▶ [Your instructions]
At the line that holds "Tongmaster TM00254 British", start repeating, and keep going exactly through the final line of the material; include both ends and skip the pictures.

▶ [Given information]
--------------------------------
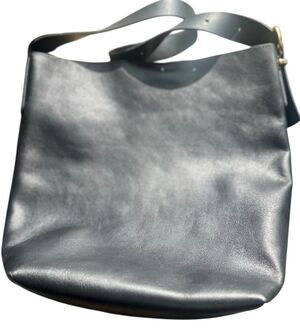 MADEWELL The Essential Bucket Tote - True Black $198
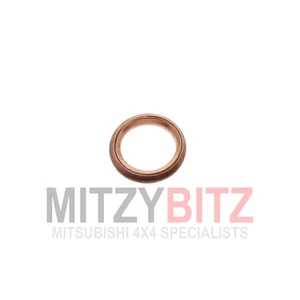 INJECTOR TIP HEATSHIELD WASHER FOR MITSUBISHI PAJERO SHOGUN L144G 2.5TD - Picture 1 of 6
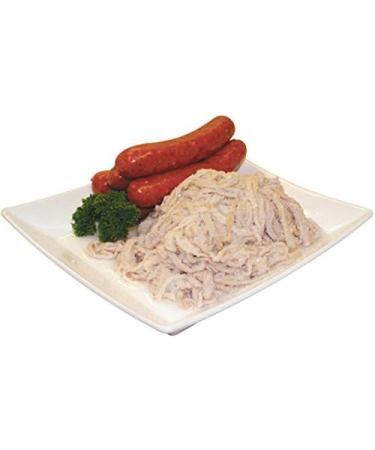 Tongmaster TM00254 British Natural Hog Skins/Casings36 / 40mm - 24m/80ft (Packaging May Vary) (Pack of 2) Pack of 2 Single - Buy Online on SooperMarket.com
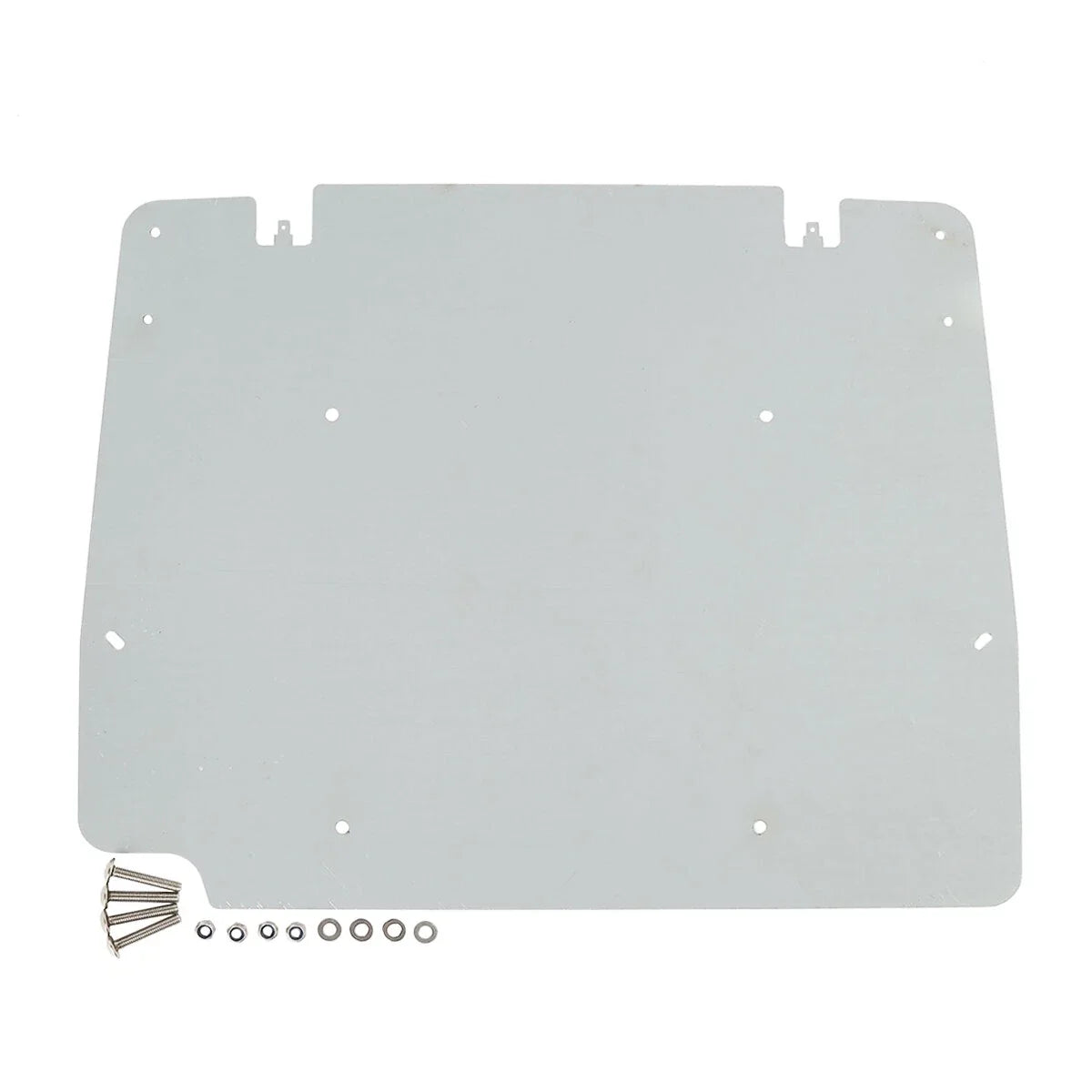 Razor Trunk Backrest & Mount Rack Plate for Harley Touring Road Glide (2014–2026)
--------------------------------
▶ [Answer box]
 Tongmaster TM00254 British Natural Hog Skins/Casings36 / 40mm - 24m/80ft (Packaging May Vary) (Pack of 2) Pack of 2 Single - Buy Online on SooperMarket.com
 Razor Trunk Backrest & Mount Rack Plate for Harley Touring Road Glide (2014–2026)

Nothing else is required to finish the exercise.